Kidney disease, its progression, and the subsequent requirement for dialysis and transplantation are
major public health problems. Treatments that can slow this progression are therefore important.
Experimental studies, small clinical trials and meta-analyses suggest statins may slow the
progression of kidney disease. The LORD trial commenced in 2002 to assess the effect of
atorvastatin on kidney function and potential mechanisms whereby it may act. The LORD study
forms the basis of this PhD.
After an introduction and review of literature, the next three chapters report the study protocol and
baseline data captured as part of the LORD trial. Two chapters that report the outcome data follow
Chapter 3 has been published in the journal BMC Nephrology and contains details of the study
protocol, which was a single center, multi-site, double blind, randomized, placebo controlled trial.
We enrolled 132 patients with a serum creatinine >120 μmol/l.

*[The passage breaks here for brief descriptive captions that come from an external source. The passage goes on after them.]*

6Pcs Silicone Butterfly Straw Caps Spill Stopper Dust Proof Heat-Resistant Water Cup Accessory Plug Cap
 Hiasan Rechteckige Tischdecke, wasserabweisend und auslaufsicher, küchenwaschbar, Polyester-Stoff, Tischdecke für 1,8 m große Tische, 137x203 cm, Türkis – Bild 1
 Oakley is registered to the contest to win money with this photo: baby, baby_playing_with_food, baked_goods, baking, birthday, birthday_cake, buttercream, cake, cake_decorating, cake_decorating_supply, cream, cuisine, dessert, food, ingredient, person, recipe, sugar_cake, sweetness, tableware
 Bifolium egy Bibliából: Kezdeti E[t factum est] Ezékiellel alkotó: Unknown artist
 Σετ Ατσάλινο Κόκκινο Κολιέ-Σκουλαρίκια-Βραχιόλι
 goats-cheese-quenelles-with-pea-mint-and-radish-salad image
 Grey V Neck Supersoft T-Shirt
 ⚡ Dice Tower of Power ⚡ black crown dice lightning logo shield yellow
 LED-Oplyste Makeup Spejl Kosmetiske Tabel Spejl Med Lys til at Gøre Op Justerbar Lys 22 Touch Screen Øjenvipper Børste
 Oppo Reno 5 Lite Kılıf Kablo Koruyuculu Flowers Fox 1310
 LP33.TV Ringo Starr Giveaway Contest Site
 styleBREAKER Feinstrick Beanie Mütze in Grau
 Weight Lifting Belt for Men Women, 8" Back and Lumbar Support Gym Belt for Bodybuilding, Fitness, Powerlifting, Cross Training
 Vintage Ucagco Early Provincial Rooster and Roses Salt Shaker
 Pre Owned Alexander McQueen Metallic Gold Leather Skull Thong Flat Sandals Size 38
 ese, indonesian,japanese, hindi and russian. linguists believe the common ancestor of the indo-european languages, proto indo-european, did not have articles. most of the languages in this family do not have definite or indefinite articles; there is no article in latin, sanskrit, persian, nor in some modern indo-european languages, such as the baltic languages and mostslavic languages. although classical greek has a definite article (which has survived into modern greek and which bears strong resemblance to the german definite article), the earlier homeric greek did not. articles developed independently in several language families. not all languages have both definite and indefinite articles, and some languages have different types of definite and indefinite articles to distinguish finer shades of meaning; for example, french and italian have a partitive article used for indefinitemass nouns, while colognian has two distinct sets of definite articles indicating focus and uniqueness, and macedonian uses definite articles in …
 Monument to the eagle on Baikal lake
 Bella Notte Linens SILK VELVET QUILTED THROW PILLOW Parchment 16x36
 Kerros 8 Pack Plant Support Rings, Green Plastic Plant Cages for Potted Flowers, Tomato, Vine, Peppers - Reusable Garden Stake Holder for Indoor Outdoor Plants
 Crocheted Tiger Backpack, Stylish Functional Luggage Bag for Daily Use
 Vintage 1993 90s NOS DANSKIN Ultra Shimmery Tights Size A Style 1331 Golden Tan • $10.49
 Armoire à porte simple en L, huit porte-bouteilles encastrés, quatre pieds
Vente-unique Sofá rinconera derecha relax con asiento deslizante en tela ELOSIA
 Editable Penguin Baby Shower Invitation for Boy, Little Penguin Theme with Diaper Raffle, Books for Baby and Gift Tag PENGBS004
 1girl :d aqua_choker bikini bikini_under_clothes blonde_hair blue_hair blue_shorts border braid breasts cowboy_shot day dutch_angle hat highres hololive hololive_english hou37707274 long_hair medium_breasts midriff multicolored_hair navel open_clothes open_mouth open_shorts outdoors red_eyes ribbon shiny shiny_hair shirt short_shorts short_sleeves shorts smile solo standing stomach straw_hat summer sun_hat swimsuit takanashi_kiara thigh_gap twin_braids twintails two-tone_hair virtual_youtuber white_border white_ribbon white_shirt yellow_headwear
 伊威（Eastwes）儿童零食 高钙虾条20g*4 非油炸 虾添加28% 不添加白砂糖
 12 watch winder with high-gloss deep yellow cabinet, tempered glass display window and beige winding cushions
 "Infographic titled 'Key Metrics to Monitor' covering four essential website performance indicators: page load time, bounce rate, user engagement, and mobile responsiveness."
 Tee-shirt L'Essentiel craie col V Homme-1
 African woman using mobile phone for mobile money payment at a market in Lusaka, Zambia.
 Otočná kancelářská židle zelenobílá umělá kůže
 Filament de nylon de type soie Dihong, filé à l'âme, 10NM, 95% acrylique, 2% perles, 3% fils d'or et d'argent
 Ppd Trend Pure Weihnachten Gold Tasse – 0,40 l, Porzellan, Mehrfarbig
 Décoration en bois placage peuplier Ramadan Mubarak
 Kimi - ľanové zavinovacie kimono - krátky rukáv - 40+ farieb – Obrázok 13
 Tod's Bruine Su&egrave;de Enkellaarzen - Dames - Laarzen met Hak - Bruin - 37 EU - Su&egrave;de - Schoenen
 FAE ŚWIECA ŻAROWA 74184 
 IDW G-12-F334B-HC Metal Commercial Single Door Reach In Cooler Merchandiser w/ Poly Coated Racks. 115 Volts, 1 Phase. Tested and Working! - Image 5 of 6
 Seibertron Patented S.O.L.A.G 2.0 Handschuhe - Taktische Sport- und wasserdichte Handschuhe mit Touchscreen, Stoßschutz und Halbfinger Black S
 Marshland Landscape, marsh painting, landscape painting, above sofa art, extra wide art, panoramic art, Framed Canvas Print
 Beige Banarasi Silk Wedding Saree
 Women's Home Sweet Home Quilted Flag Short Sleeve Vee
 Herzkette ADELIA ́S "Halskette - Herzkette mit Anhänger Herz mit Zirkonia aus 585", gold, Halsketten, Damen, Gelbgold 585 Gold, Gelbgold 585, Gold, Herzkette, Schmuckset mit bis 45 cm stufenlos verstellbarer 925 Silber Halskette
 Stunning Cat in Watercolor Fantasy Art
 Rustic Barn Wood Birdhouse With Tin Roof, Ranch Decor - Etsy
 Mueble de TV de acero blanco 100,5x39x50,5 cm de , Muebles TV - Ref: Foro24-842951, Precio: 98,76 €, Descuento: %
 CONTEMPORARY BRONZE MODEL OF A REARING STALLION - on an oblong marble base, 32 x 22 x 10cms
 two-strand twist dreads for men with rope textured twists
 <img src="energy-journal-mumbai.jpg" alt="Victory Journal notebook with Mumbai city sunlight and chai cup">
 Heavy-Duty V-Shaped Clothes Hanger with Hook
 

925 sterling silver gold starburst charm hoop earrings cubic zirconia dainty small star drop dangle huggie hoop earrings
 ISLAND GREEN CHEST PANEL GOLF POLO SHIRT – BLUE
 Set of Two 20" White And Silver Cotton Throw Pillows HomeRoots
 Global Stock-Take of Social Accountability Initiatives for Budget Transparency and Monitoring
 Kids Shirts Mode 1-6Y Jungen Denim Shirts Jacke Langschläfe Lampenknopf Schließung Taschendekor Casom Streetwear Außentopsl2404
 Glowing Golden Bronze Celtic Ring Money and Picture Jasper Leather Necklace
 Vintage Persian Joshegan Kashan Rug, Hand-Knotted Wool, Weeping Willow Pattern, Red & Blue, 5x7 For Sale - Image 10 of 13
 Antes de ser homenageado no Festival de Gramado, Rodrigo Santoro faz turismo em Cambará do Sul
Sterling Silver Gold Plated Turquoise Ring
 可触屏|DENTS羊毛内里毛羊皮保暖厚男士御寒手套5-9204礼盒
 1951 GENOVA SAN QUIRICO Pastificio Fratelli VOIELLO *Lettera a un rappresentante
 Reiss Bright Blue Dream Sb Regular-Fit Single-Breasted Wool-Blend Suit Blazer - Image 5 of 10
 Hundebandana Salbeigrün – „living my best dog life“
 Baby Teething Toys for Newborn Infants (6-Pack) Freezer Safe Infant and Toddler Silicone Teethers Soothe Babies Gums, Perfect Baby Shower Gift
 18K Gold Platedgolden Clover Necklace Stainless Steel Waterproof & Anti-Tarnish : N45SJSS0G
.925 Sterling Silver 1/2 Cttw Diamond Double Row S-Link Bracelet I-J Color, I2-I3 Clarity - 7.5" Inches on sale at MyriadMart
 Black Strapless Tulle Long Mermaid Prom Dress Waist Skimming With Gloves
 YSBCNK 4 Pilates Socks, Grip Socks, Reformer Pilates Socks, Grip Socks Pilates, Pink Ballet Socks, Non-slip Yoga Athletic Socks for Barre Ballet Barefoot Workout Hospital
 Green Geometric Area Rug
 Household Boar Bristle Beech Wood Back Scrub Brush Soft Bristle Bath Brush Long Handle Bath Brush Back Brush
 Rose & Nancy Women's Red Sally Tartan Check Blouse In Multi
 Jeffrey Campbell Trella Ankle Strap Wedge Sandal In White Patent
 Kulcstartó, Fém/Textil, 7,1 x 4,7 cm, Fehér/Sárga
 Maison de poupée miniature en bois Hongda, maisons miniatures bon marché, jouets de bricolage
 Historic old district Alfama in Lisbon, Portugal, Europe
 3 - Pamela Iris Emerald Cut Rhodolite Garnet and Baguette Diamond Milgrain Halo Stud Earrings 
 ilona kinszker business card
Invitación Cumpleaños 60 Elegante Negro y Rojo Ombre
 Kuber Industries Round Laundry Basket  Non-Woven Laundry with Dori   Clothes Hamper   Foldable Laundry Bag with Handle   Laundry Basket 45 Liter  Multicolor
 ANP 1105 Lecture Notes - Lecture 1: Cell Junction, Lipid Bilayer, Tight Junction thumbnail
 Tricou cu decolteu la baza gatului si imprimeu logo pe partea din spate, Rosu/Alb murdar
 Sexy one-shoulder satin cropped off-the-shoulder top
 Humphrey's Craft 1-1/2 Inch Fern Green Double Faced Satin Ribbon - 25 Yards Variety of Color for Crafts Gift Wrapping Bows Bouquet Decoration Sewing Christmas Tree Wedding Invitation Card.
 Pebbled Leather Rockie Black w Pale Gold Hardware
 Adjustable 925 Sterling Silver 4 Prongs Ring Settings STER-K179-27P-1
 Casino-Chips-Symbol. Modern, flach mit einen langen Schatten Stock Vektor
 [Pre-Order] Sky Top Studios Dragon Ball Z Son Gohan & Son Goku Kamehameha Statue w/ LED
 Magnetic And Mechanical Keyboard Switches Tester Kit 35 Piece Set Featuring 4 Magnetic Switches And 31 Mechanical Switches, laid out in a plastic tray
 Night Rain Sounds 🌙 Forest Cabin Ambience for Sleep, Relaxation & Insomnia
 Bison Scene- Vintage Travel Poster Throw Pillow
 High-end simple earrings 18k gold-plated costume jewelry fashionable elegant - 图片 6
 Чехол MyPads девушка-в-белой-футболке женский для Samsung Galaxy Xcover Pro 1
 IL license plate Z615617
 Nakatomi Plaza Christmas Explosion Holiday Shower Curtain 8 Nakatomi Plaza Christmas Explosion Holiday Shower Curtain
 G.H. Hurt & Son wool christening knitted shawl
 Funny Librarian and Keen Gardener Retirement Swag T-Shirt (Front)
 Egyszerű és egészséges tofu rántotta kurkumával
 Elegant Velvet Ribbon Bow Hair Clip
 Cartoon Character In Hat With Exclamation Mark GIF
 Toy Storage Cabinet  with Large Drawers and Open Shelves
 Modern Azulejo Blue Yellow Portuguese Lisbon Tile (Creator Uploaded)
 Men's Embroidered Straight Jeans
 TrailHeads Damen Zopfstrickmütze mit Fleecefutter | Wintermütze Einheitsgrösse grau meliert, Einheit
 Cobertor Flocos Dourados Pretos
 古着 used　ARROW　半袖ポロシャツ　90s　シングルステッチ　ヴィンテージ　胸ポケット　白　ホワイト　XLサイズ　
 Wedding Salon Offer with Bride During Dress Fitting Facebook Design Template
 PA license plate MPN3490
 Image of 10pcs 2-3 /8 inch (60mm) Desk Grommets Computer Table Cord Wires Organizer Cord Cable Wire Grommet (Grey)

The primary outcome measure was
change in eGFR (MDRD and Cockcroft and Gault) and secondary outcome measures included
changes in creatinine clearance, urinary protein excretion, time to 50% eGFR decline and a measure
of composite serious events.
Chapter 4 reports the relationships at baseline between serum lipids and renal function. This
analysis took into account dietary intake and physical activity levels. These data did not find that
lipids are associated with renal dysfunction in CKD patients not taking lipid-lowering therapy. This
study was published in the International Journal of Clinical Pharmacology and Therapeutics.
Chapter 5 reports the dietary intake of CKD patients before and after filtering for under reporters.
Patients completed a four-day self-reported diet diary and Food Works software was used to
determine the intake of energy, macro and micronutrients. Under reporting was assessed and
nutrient intakes were compared to current guidelines. Energy intake was under-reported in 70.8% ofpatients. Under-reporters were more likely to be female, younger, have a higher BMI and elevated
serum creatinine. When all patients were considered, daily energy, calcium, zinc and dietary fibre
intakes were lower than recommended. However, this was not the case which when valid reporters
alone were analysed. Protein intake was higher than recommended and even higher in valid
reporters. It was concluded that interpreting self-reported diet diary data from CKD patients,
without allowing for under-reporting, might lead to erroneous interpretations. This study was
published in the Journal of Renal Nutrition.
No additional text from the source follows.